At the time of filming, NASA stated that it "marks the expansion of commercial space opportunities to include feature filmmaking".
Roscosmos first announced the film project in November 2020 and Peresild, 37, was chosen for the role.
Peresild and producer-director Klim Shipenko travelled to the ISS alongside veteran Russian cosmonaut Anton Shkaplerov in October 2021 and filmed the movie over the course of 12 days.
Although "The Challenge" is the first feature-length film to be shot in space, it's not the first project to be filmed aboard the ISS.
Earlier, Soviet-era cosmonauts filmed aboard Soyuz T-9 and inside the Salyut 7 space station for the Russian 1984 narrative film "Return from Orbit."

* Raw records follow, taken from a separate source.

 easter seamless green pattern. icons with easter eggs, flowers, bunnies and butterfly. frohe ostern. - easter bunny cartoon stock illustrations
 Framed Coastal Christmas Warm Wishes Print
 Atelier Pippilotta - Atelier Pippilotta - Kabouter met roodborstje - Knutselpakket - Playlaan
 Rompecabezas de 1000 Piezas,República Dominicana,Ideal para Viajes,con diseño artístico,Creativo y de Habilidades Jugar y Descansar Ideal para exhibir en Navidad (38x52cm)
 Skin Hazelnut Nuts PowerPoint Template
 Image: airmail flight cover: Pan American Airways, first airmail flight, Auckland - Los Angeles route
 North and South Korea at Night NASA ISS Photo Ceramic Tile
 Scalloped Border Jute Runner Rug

Twenty-four years later, privately-funded astronaut Richard Garriott shot "Apogee of Fear," a short science fiction film set aboard ISS.
The list also includes a 2002 IMAX documentary narrated by Tom Cruise and a 2012 eight-minute science fiction film by entrepreneur and space tourist Richard Garriott.
In 2020, Cruise, along with director Doug Liman, had revealed plans to travel to the ISS to shoot a feature film in collaboration with Elon Musk's SpaceX and NASA.